Para la ciudadanía del Este de Europa, la UE fue durante mucho tiempo el objetivo político fundamental y la imagen de sus esperanzas de futuro. Europa representaba la región más desarrollada del planeta: prosperidad junto a grandes niveles de libertades civiles y políticas. En otras palabras, la gente soñaba con el famoso “modelo social europeo”.

Pero dicha Europa nunca existió para ellos. El principio rector de la UE, “paz para Europa”, fue reformulado y sustituido por “prosperidad para todo el mundo a través del mercado único”. Con la Agenda de Lisboa para hacer de Europa “la economía más competitiva a nivel global”, las propuestas iniciales de modernización del modelo social europeo fueron convirtiéndose, con el paso del tiempo, en convenciones que debían ser abandonadas. Los efectos acumulados de dicho abandono fueron una brecha cada vez mayor entre el centro y la periferia europeas, el aumento de las desigualdades y una continua erosión del apoyo a la integración europea.

Este es nuestro problema en 2019: aunque hoy en día quedan muy pocos defensores de la UE, la necesitamos y debemos reformularla para construir algo nuevo.
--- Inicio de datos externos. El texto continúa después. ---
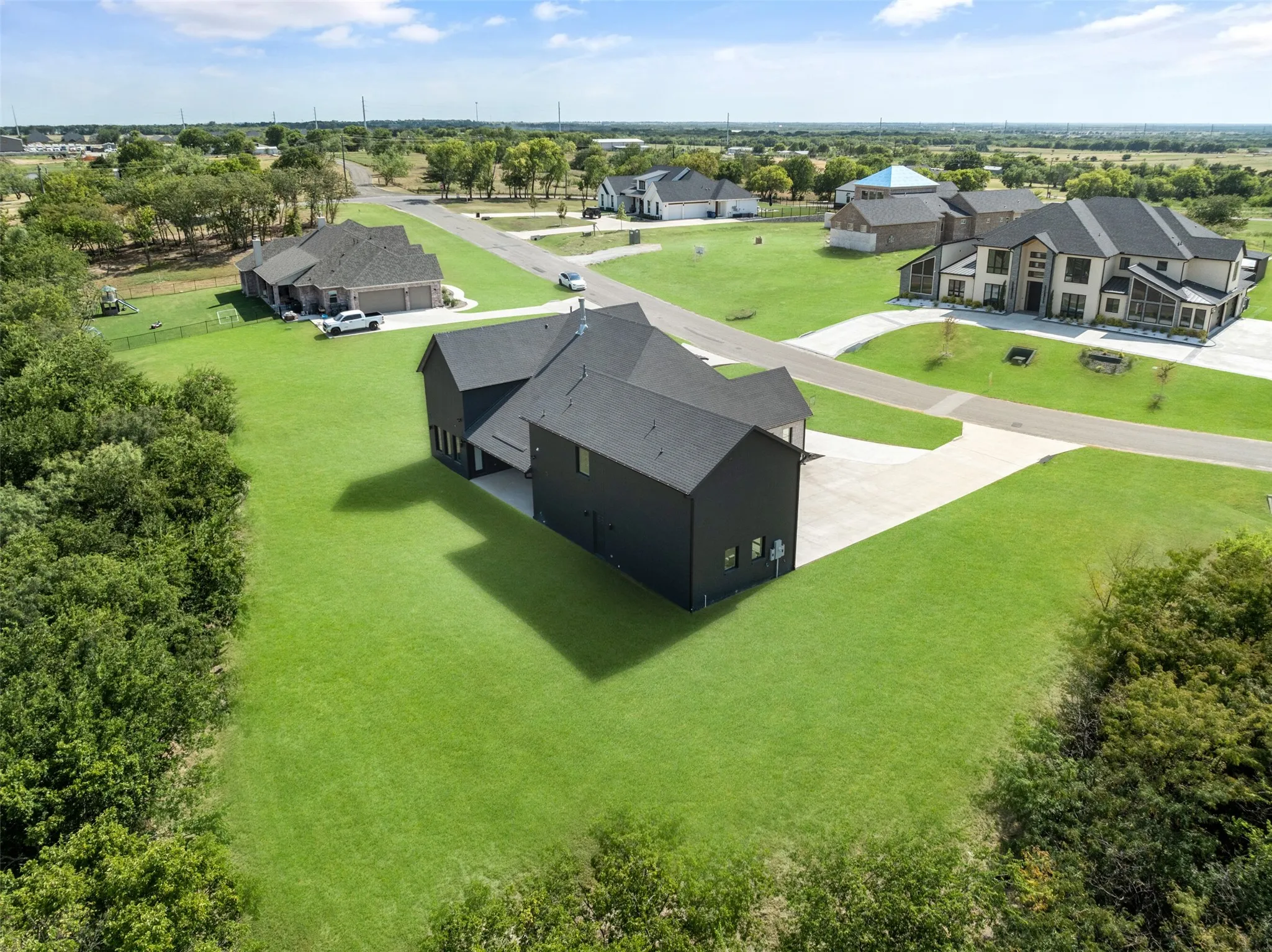 Single Family Residence For Sale in Grayson County , 1973 Carter Lane, Gunter, Texas 75058, 5 Bedroom, 5 Bathroom, 3 Garage spaces, 4,262 Sqft, built in 2024, mls#21321711, Real Estate Agent in Gunter, Homes For Sale in Grayson county, Homes For Sale in Gunter, Realtor in Gunter Texas, Real Estate Brokerage Independent Realty Texas, Luminita Cordes Realtor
En 2012, como apuntó el presidente del Banco Central Europeo, Mario Draghi, una cosa estaba clara: el modelo social europeo estaba muerto. Tras casi dos décadas de transición al capitalismo, esto era muy evidente para la ciudadanía del este europeo, que ya en el momento de su adhesión mostraba niveles de apoyo a la UE históricamente bajos. Checos, eslovacos, polacos, croatas, húngaros y eslovenos tuvieron el índice de participación más bajo, siendo este inferior al 30%. La opinión generalizada sobre la UE pasó de la euforia al rechazo y, para empeorar las cosas, dicho cambio solo recibió la atención de los nuevos populismos de derechas.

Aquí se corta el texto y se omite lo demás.